PRIBNOW (CITGO Petroleum Corporation)

We do not have enough storage and would like to have an infinite number of tanks. You are correct. As these tank shipments come in, it is hard to obtain the data and make those ratios or blends. Sometimes we do know that certain crudes are coming in which are more problematic because we have seen them before and have that database. In that case, we will make sure that when we do start that crude into the crude unit, we adjust the blend or know we need to have a stable percentage of that difficult crude coming in. Like you said, we are still learning that process, but it is difficult trying to obtain real-time data and passing it to the consoles, so they know what ratios to set.

 

JIM PROROK (Husky Oil Operations Ltd.) \

There was a question about whether we see an impact in the coking in the furnaces.
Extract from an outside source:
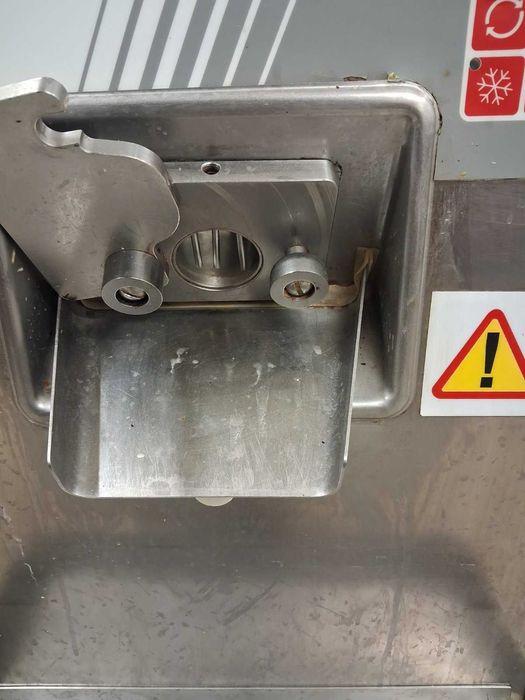 Сладолед машина за твърд сладолед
We are mostly a light sweet and synthetic crude refinery, but they slip in a little bit of heavy and occasionally some lighter materials. We have had instances where the asphaltene precipitation appears to have coked the convection section in the crude furnace, as well as shock tubes, creating unexpected hot spots and coking. We also saw extreme fouling in the coker furnace, including not just the tubes, but also the transfer lines over to the coke drums.

 

GLENN SCATTERGOOD (Nalco Champion Energy Services)

Slop oil addition to crude slate may destabilize asphaltenes in the crude. Onsite testing of the proposed blend may predict the asphaltene stability. Careful blending of the slop oil and/or low addition rates may reduce or eliminate fouling due to asphaltene destabilization. Chemical additives are available to keep the asphaltene in solution and reduce fouling of the desalter and hot crude unit pre-heat exchangers.

 

DENNIS HAYNES (Nalco Champion Energy Services)

Incompatibility issues may occur if crudes are blended in a non-uniform way, inappropriate order, or incorrect amount. First, evaluate crude blends to determine relative compatibility and confirm a planned blend is not in an envelope that will cause challenges; next regarding order of addition, add a destabilizing crude to one that has the potential to destabilize; and not in the reverse order. Then, be cognizant of areas in the process, such as tank storage, where stratification may lead to variation in blend component concentrations impacting blend compatibility. When there is concern regarding blend compatibility, application of an asphaltene stabilizer additive may assist in minimizing deposition on process equipment or reducing interference in areas such as desalter interfaces.

 

GREG SAVAGE (Nalco Champion Energy Services)

Blends of heavy asphaltenic Canadian crudes and highly aliphatic shale oil condensates can result in severe incompatibilities and impact crude tankage sludge formation, desalter operation, and crude pre-heat fouling. Understanding the intrinsic stability of the individual crudes and the stability of crude blends provides guidance on how to control asphaltene stability in desalters and crude pre-heat fouling control programs. Sludge formation in crude tankage resulting from asphaltene destabilization, when asphaltenic and paraffinic crudes are blended, can be expected.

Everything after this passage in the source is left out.